1876 yılındaki Bulgar isyanıyla birlikte başlayan Ermeni aydınları arasındaki bu tartışma sırasında Türkiye’deki Ermeni Patriği Nerses, Ermeni Milli Meclisi’nin önerisiyle Ermeni milletine yönelik bir bildirge yayımlar ve şu noktaların altını çizer: Eğer bugüne kadar Ermeni milleti, millet olarak dinini, kilisesini, dilini, tarihi ve kültürel değerlerini koruduysa, bunu Türk hükümetinin himayesine, etkinliğine ve Ermeni milletine olumlu yaklaşımına borçludur. Kader, Ermenileri Türkler birleştirmiştir. Bu yüzden Ermeniler, devletin içinde bulunduğu savaş koşullarında bu duruma kayıtsız kalamaz, tam tersine her zaman olduğu gibi ona yardım etmekle yükümlüdür. Vatanını seven Ermeniler, hükümete yardımcı olarak Ermeni halkının hizmetini göstereceklerdir. Osmanlı İmparatorluğu’nun savunması, Ermenistan’ın Ermeni dininin, okullarının, benliğinin, ailesinin, onurunun ve hayatının savunmasıdır. Patrik Nerses, Ermenileri, vatanı savunmaya, Türkiye Ermenilerinden oluşan gönüllü birliklere katılarak silah elde düşmana karşı savaşmaya çağırır. Patrik, birleşmeye, vatan ve sultan adına ve milli çıkarlarımız ve onurumuz için kendimizi feda etmeye mecburuz der.

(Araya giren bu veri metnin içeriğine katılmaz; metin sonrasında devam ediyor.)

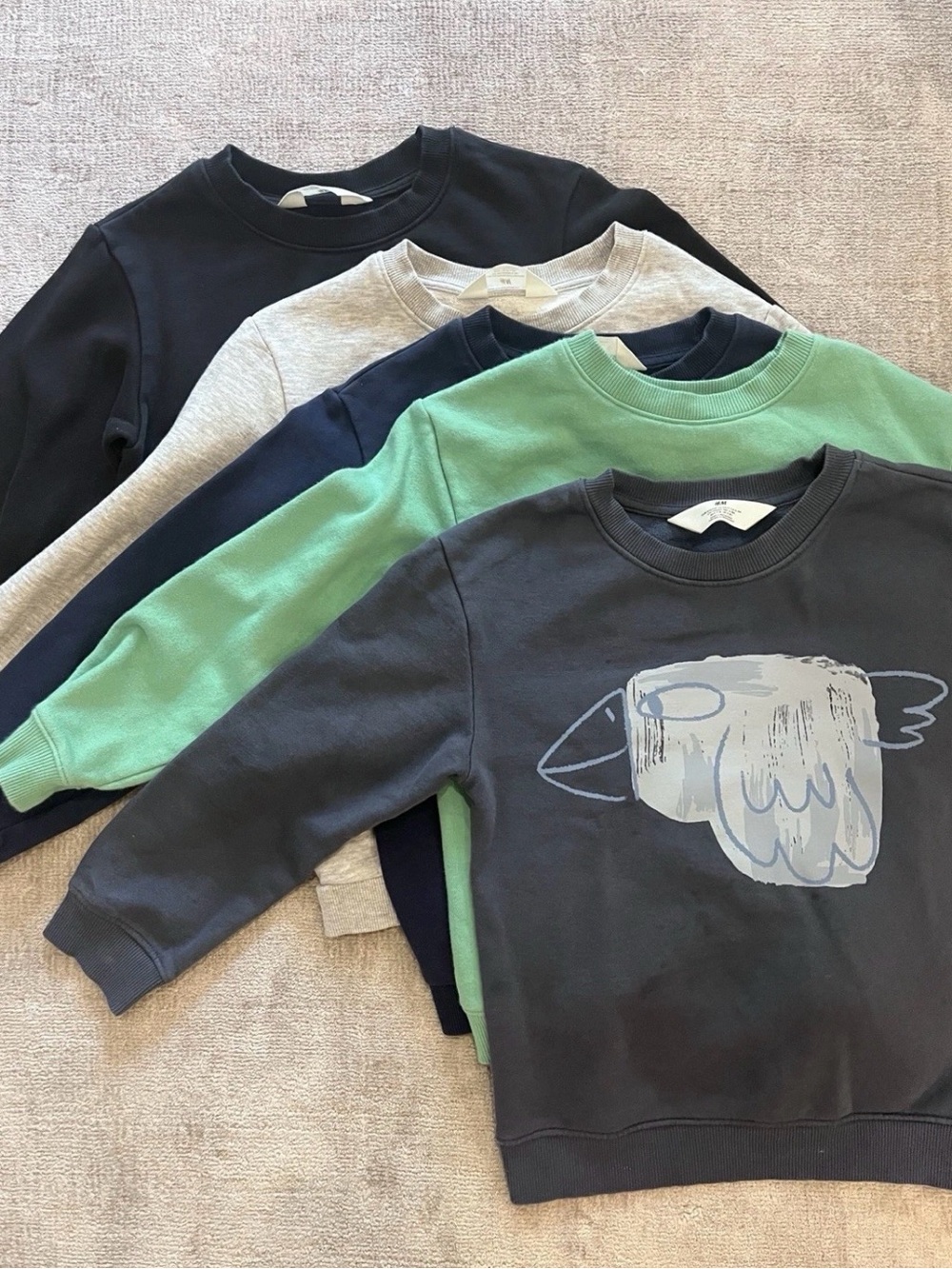 Lot of 5 H&M Kids Crewneck Sweatshirts in Black, Gray, Navy & Green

Ancak ilerleyen süreçte Ermeni aydınları arasında emperyalist Batı’nın ve Çarlık Rusyası’nın himayesinde “bağımsız” bir Ermeni devleti kurma fikri hâkim olacaktır. Artsruni’de kendini yalın bir şekilde ifade eden bu fikirler, özellikle gerek Rusya gerek Türkiye Ermenileri aydınları tarafından benimsenecek, örgütleri kurulacak ve bu fikirlerin yayılması sağlanacaktır. Megu Ayastani gibiler azınlıkta kalacak Ermeni aydınlarının ciddi bir kısmı, gerek Kaçaznuni gibi önemli Taşnak yetkililerinin gerekse de Bolşevik Ermeni liderlerin saptadığı gibi Batı devletlerinin ve Çarlık Rusyası’nın “vaatlerinin” peşinden giderek Ermeni halkını bu uğurda feda edecektir. Bu tartışmanın taraflarından Artsruni’nin ifadeleri ve ilerleyen süreçte Ermeni aydınlarının aldıkları tutum, Ermeni Bolşeviklerinin teorisyenlerinden Boryan’ın şu tanımlamasını aktarmayı gerektirmektedir:
“Milletin ve sınıfın siyasi programı, ekonomik sebeplerden kaynaklanır ve ekonomik temellere dayanır. Sınıfın ve milletin devletteki ekonomik, siyasal ve hukuksal durumu, milli ve sınıfsal ideolojisinin örgütlenmesinin temelidir. (…) İlerici milli ideoloji ve ezilenlerin kurtuluşu adına mücadele, ki bunun sözcüsü emekçi kitlelerdir, sosyalist aydınların siyasi talepleri doğrultusunda oluşur. ‘Aydınlar kadar, özellikle de küçük milletlerin aydınları kadar, hiç kimse kendi milletinin büyük bir millet olmasına bu kadar ihtiraslı bir şekilde can atmaz’ diye yazar Kautsky. Küçük burjuva şovenist ideolojinin oluşturulması, küçük burjuva aydınlarına aitken, milli devletin örgütlenmesi anlamında saldırgan milli politikaların ideologları, üstünlüğünü küçük burjuvaziye ve onun ideologlarına da zorla kabul ettiren burjuva aydınlarıdır. İşte Ermenistan ve onun aydınları bu türdendi.”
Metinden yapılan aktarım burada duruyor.